_Input_
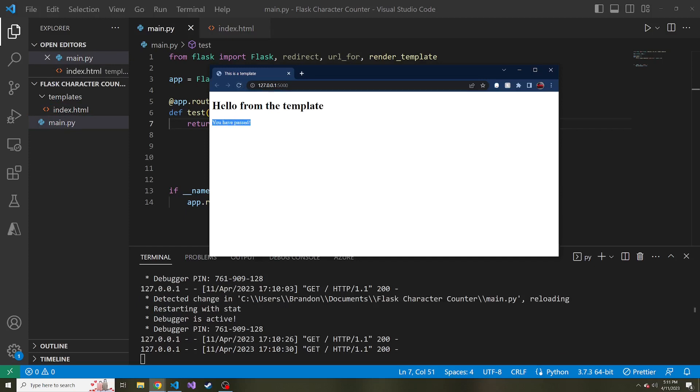Okay, so in the next video, we'll talk about how do we pass in lists and dictionaries into our template? How do we use them? And stay tuned for that.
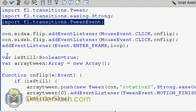We needed two variables. One variable is called isstill, which is a boolean, and I set it to true. And also I created a variable called arrayTween, which is going to have all the tweens inside of it.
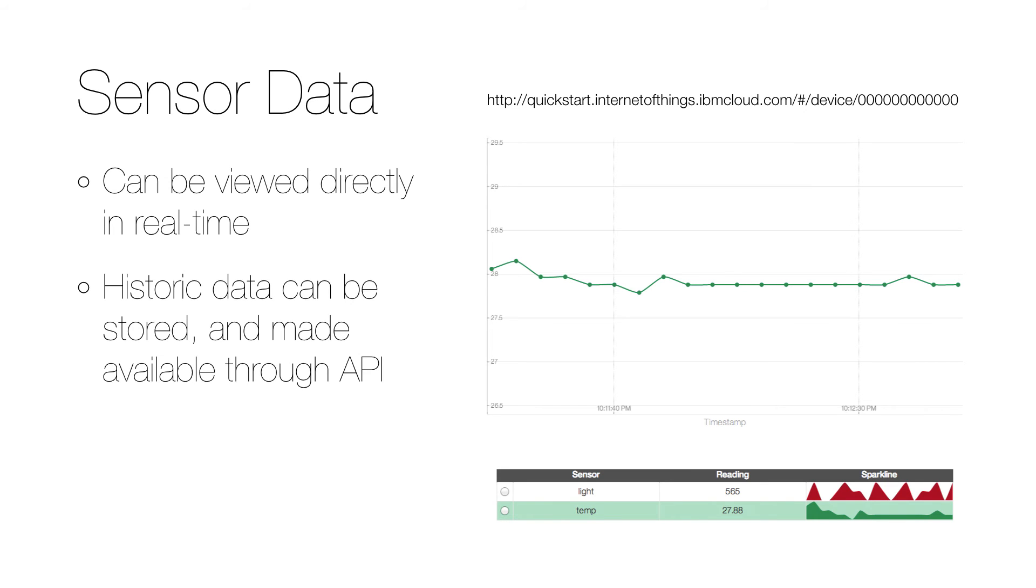When you have compiled and uploaded the code to the Arduino, it starts publishing data to Bluemix. And to see that data in real time, you can browse to the URL at the top. Again, make sure that you replace the zeros with the MAC address of your network card.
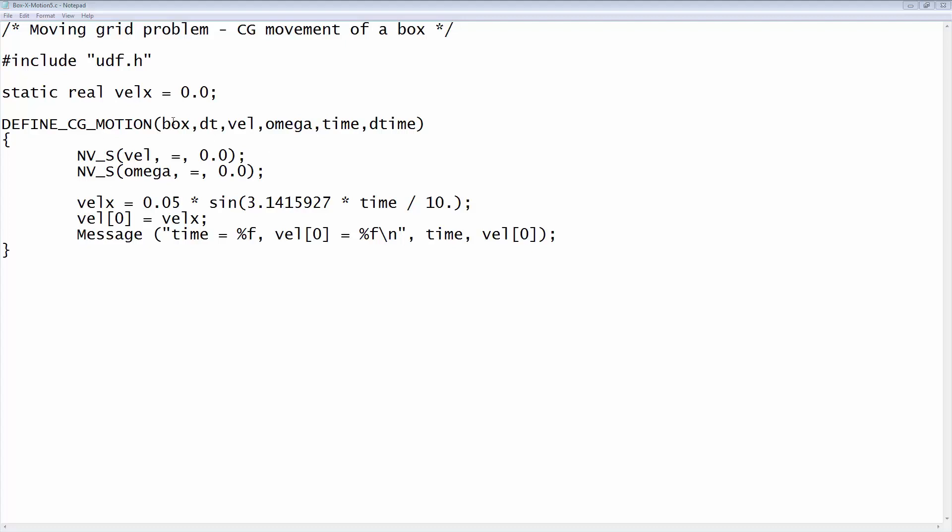The first thing that the macro does is set the linear and angular velocities to zero. Here the x velocity is set by the sinusoidal function. Then VEL0 is set to VELx, where VEL0 is the x component of the velocity array. Finally, there's a message statement here that just prints out the time and the x component of the velocity, used for debugging purposes.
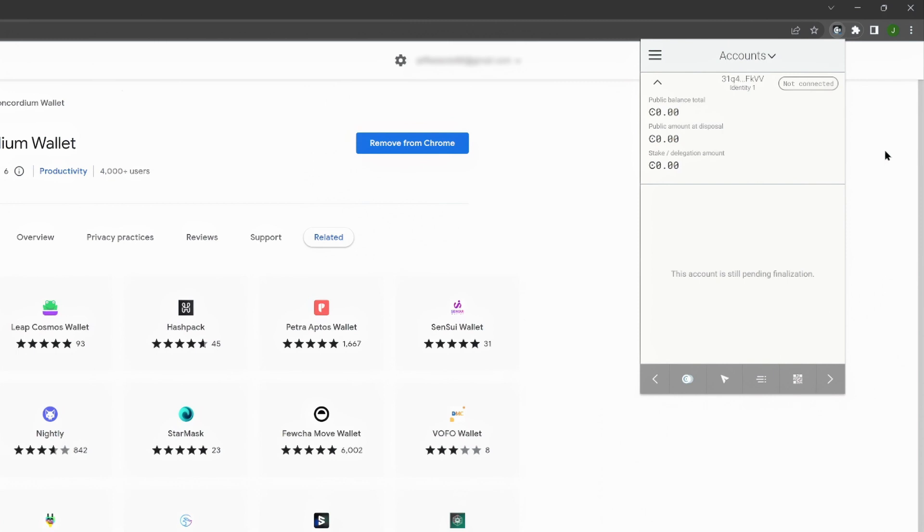Once your account has been created, your wallet is good to go. You have successfully set up your Concordium wallet for web. Enjoy managing your Concordium identities, accounts, and transactions securely.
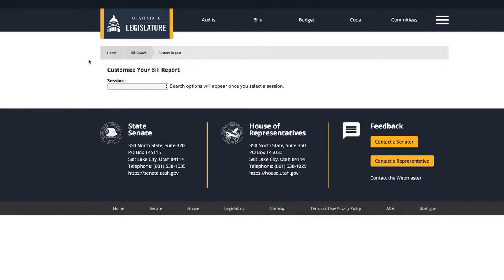Hi! This video will walk you through how to use Utah State Legislators' Custom Report Builder. To find information about legislation, you can build a custom report of information relevant to your needs.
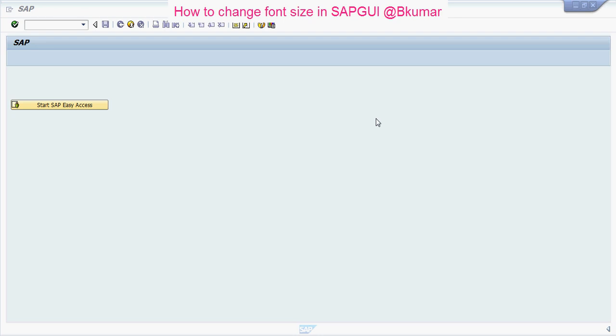Welcome everyone to our next tutorial of SAP learning. Here in this tutorial, we will see how to change font size in SAP GUI.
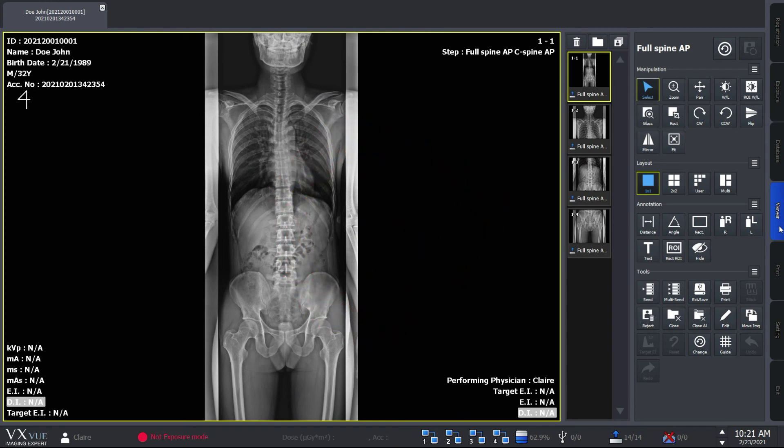Sometimes you may need to print the x-ray image. You can find the print button from the exposure, database, and viewer mode.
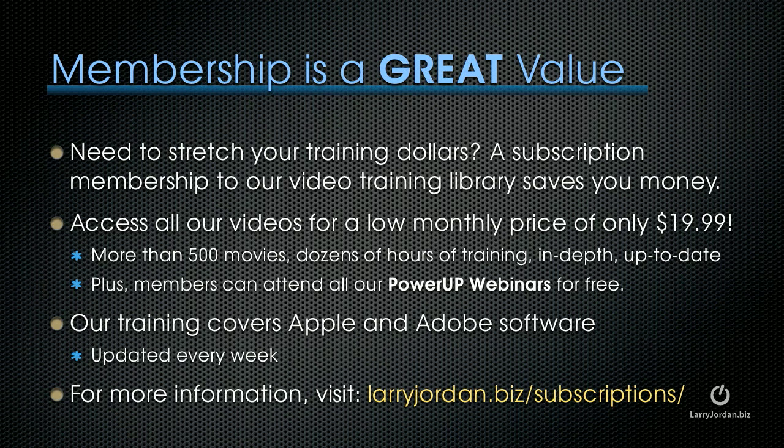If you need to stretch your training dollars, a subscription membership to our video training library saves you money. You can access all of our videos for a low monthly price of only $19.99. That's more than 500 movies, dozens of hours of training, all in-depth and up-to-date. Plus, members can attend any of our Power Up webinars for free. Our training covers Apple and Adobe software. We update it every week. For more information, visit LarryJordan.biz/subscriptions.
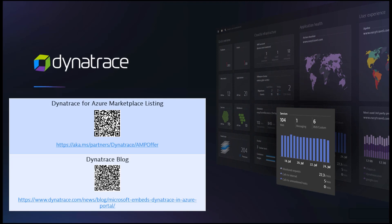You've now seen just how automated and streamlined the experience for purchasing, configuring, and managing Dynatrace directly inside the Azure portal. If you need additional details, please check out our blog article or our Marketplace listing on Dynatrace for Azure.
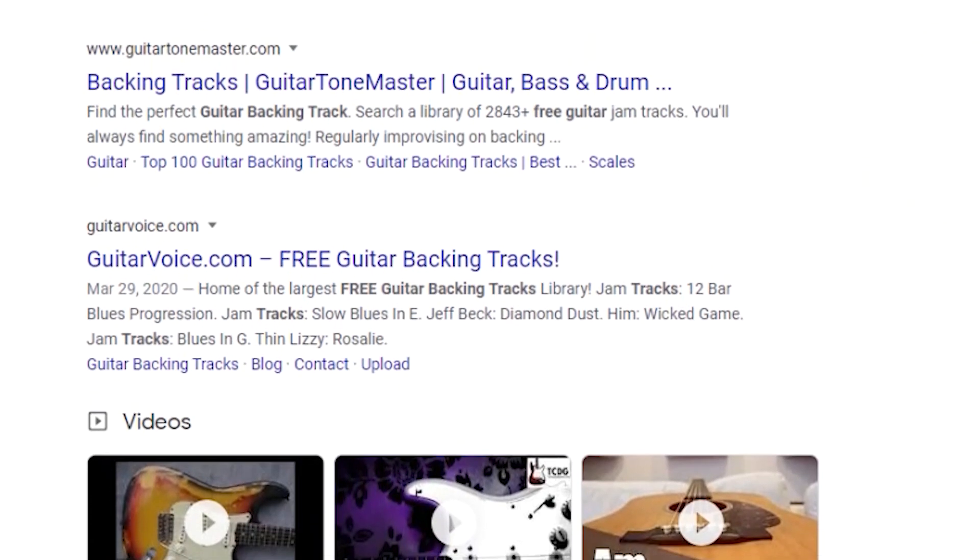One such website is guitarbackingtrack.com — I'll put a link to that below. There are quite a few more if you're willing to do the work. Another great option is YouTube, which is actually one of the biggest search engines, second only to Google itself. A lot of YouTube videos will show up in a Google search, but I find I have much more control searching directly in YouTube. One of the keys is what I call the art of searching. You can apply these same ideas to searching on the web or other sources like SoundCloud.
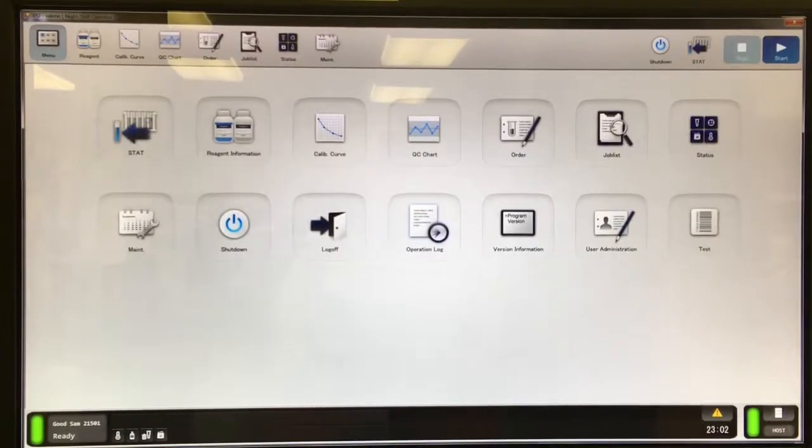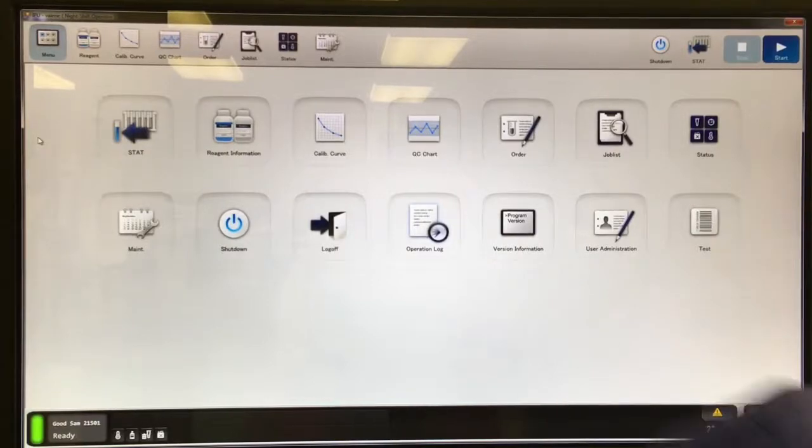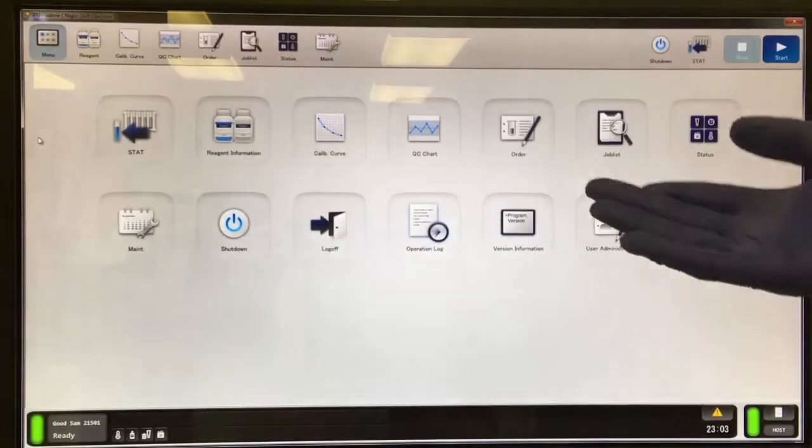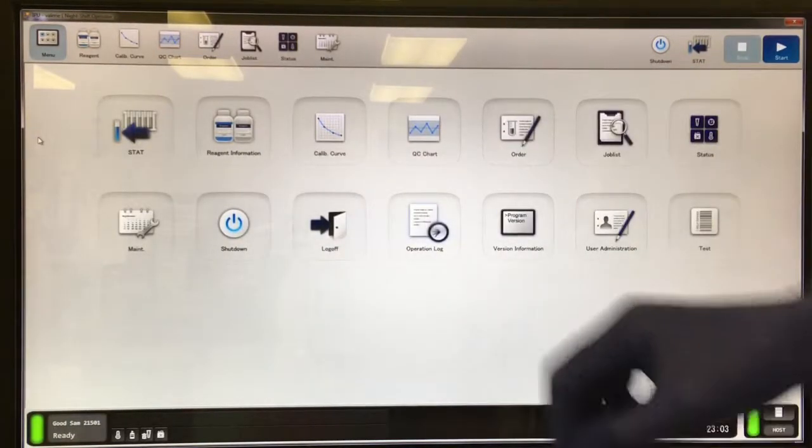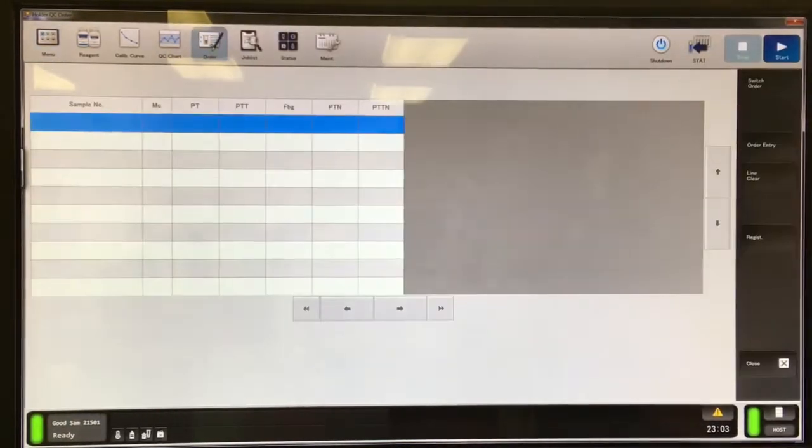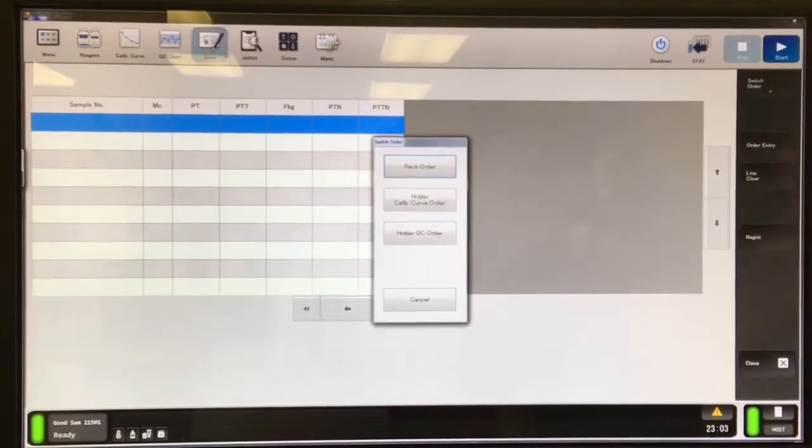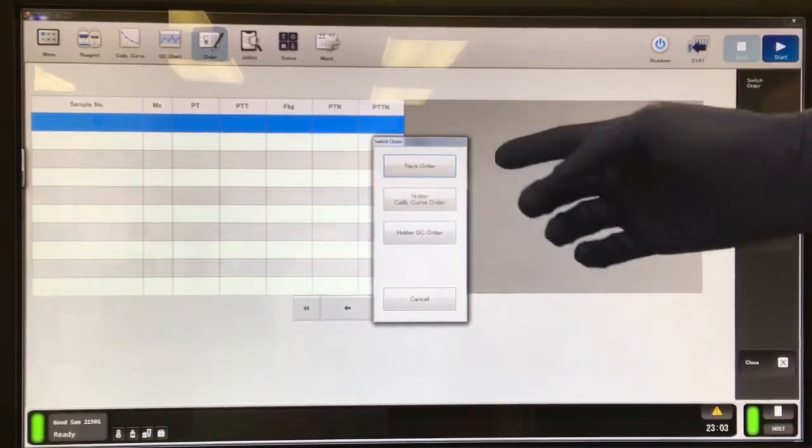In this video, I'm going to take you through the basic steps of ordering QC on the CS2500. Here you can see the main screen, but we're going to use the quick tabs. We're going to go to order and switch to order mode.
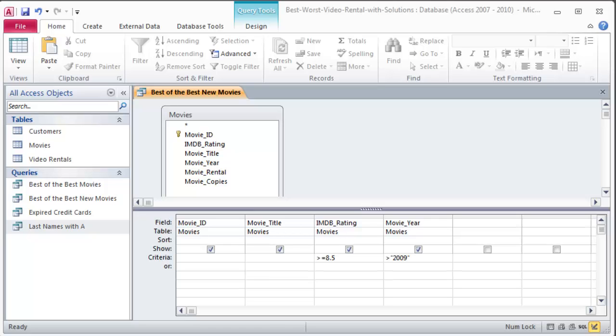Hey this is Ralph. Let's keep working on making some basic queries here. I've got my directions available and you can get the directions just follow the link in the video description. You can also get the original database there too.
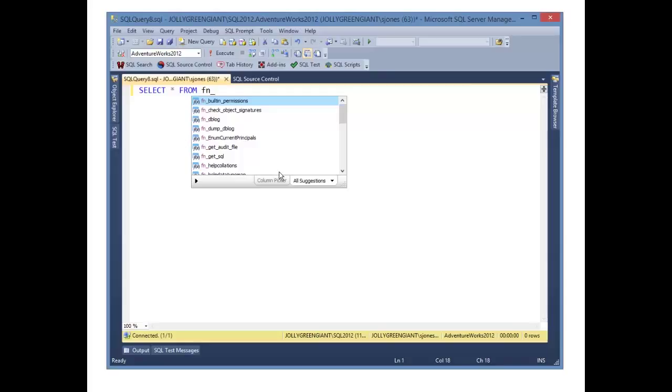Hopefully this quick tip has helped you learn a little more about SQL Prompt and ways you might configure it to work better for you and have you code much faster in the future. Again, I'm Steve Jones for SQL Server Central and RedGate Software.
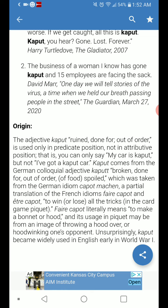'Faire capot' literally means to make a bonnet or hood, and its usage in piquet may derive from the image of throwing a hood over one's opponent — in other words, hoodwinking someone.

_Aim of the task_
The images in the entries above should be left out; please reproduce exactly the lines from the first through the one containing "When you have".

_Response area_
Okay, so in the next video, we'll talk about how do we pass in lists and dictionaries into our template? How do we use them? And stay tuned for that.
We needed two variables. One variable is called isstill, which is a boolean, and I set it to true. And also I created a variable called arrayTween, which is going to have all the tweens inside of it.
When you have compiled and uploaded the code to the Arduino, it starts publishing data to Bluemix. And to see that data in real time, you can browse to the URL at the top. Again, make sure that you replace the zeros with the MAC address of your network card.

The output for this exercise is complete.